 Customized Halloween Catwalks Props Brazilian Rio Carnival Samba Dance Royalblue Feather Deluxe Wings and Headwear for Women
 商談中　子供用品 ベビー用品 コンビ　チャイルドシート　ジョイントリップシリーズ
--
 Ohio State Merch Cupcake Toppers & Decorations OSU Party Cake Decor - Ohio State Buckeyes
* * *
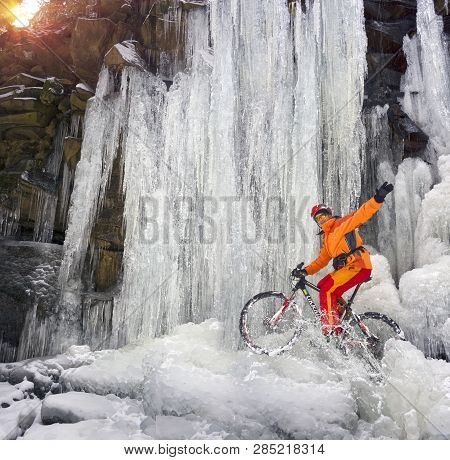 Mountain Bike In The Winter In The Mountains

Brief: Beginning with the line containing "Customized Halloween Catwalks" and ending with the line containing "商談中　子供用品 ベビー用品 コンビ　チャイルドシート　ジョイントリップシリーズ", extract those lines exactly from the listing above, and only those.

Task solution:
 Customized Halloween Catwalks Props Brazilian Rio Carnival Samba Dance Royalblue Feather Deluxe Wings and Headwear for Women
 商談中　子供用品 ベビー用品 コンビ　チャイルドシート　ジョイントリップシリーズ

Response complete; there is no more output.